• Task objective: Reprint the full listing exactly.

• Data to examine:
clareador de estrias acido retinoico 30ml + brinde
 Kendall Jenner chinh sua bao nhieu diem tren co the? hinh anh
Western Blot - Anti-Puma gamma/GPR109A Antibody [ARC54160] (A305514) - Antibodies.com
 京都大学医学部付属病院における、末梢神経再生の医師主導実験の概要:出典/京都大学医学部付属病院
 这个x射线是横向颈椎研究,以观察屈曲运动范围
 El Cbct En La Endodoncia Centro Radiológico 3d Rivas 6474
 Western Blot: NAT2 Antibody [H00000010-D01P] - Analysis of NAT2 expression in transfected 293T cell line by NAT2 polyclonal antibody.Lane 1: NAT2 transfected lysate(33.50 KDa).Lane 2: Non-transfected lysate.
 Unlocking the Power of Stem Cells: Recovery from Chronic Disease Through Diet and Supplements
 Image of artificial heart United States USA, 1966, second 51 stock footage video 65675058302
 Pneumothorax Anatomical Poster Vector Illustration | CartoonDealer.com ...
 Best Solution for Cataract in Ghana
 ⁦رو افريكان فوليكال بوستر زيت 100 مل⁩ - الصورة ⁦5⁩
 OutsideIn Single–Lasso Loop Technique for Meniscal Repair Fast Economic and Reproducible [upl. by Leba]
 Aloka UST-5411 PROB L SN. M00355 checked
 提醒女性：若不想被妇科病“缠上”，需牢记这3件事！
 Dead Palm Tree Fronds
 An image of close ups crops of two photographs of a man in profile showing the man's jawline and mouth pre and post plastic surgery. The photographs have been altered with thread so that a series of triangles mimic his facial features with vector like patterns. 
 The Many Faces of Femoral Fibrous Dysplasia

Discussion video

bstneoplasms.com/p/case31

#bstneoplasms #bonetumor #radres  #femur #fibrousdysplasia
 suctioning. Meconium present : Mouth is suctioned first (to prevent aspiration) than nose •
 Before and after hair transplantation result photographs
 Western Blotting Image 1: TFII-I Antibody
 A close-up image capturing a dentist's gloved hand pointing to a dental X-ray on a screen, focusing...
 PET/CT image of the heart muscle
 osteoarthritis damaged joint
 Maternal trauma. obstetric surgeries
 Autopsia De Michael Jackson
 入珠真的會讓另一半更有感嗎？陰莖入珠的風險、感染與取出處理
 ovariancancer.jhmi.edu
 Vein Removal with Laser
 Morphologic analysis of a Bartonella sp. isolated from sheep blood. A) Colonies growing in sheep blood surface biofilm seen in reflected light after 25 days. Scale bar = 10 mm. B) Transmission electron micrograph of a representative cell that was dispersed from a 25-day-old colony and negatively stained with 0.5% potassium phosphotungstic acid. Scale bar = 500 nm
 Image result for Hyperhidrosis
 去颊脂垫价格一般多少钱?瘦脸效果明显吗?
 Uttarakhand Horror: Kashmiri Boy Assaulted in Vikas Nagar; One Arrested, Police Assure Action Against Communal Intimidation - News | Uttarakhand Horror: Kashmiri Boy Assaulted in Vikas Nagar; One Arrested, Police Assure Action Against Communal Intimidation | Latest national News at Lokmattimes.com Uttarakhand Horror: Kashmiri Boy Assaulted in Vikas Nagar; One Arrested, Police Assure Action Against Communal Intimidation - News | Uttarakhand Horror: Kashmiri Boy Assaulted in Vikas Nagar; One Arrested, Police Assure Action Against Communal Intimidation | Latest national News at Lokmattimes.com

• Reply to the exercise:
clareador de estrias acido retinoico 30ml + brinde
 Kendall Jenner chinh sua bao nhieu diem tren co the? hinh anh
Western Blot - Anti-Puma gamma/GPR109A Antibody [ARC54160] (A305514) - Antibodies.com
 京都大学医学部付属病院における、末梢神経再生の医師主導実験の概要:出典/京都大学医学部付属病院
 这个x射线是横向颈椎研究,以观察屈曲运动范围
 El Cbct En La Endodoncia Centro Radiológico 3d Rivas 6474
 Western Blot: NAT2 Antibody [H00000010-D01P] - Analysis of NAT2 expression in transfected 293T cell line by NAT2 polyclonal antibody.Lane 1: NAT2 transfected lysate(33.50 KDa).Lane 2: Non-transfected lysate.
 Unlocking the Power of Stem Cells: Recovery from Chronic Disease Through Diet and Supplements
 Image of artificial heart United States USA, 1966, second 51 stock footage video 65675058302
 Pneumothorax Anatomical Poster Vector Illustration | CartoonDealer.com ...
 Best Solution for Cataract in Ghana
 ⁦رو افريكان فوليكال بوستر زيت 100 مل⁩ - الصورة ⁦5⁩
 OutsideIn Single–Lasso Loop Technique for Meniscal Repair Fast Economic and Reproducible [upl. by Leba]
 Aloka UST-5411 PROB L SN. M00355 checked
 提醒女性：若不想被妇科病“缠上”，需牢记这3件事！
 Dead Palm Tree Fronds
 An image of close ups crops of two photographs of a man in profile showing the man's jawline and mouth pre and post plastic surgery. The photographs have been altered with thread so that a series of triangles mimic his facial features with vector like patterns. 
 The Many Faces of Femoral Fibrous Dysplasia

Discussion video

bstneoplasms.com/p/case31

#bstneoplasms #bonetumor #radres  #femur #fibrousdysplasia
 suctioning. Meconium present : Mouth is suctioned first (to prevent aspiration) than nose •
 Before and after hair transplantation result photographs
 Western Blotting Image 1: TFII-I Antibody
 A close-up image capturing a dentist's gloved hand pointing to a dental X-ray on a screen, focusing...
 PET/CT image of the heart muscle
 osteoarthritis damaged joint
 Maternal trauma. obstetric surgeries
 Autopsia De Michael Jackson
 入珠真的會讓另一半更有感嗎？陰莖入珠的風險、感染與取出處理
 ovariancancer.jhmi.edu
 Vein Removal with Laser
 Morphologic analysis of a Bartonella sp. isolated from sheep blood. A) Colonies growing in sheep blood surface biofilm seen in reflected light after 25 days. Scale bar = 10 mm. B) Transmission electron micrograph of a representative cell that was dispersed from a 25-day-old colony and negatively stained with 0.5% potassium phosphotungstic acid. Scale bar = 500 nm
 Image result for Hyperhidrosis
 去颊脂垫价格一般多少钱?瘦脸效果明显吗?
 Uttarakhand Horror: Kashmiri Boy Assaulted in Vikas Nagar; One Arrested, Police Assure Action Against Communal Intimidation - News | Uttarakhand Horror: Kashmiri Boy Assaulted in Vikas Nagar; One Arrested, Police Assure Action Against Communal Intimidation | Latest national News at Lokmattimes.com Uttarakhand Horror: Kashmiri Boy Assaulted in Vikas Nagar; One Arrested, Police Assure Action Against Communal Intimidation - News | Uttarakhand Horror: Kashmiri Boy Assaulted in Vikas Nagar; One Arrested, Police Assure Action Against Communal Intimidation | Latest national News at Lokmattimes.com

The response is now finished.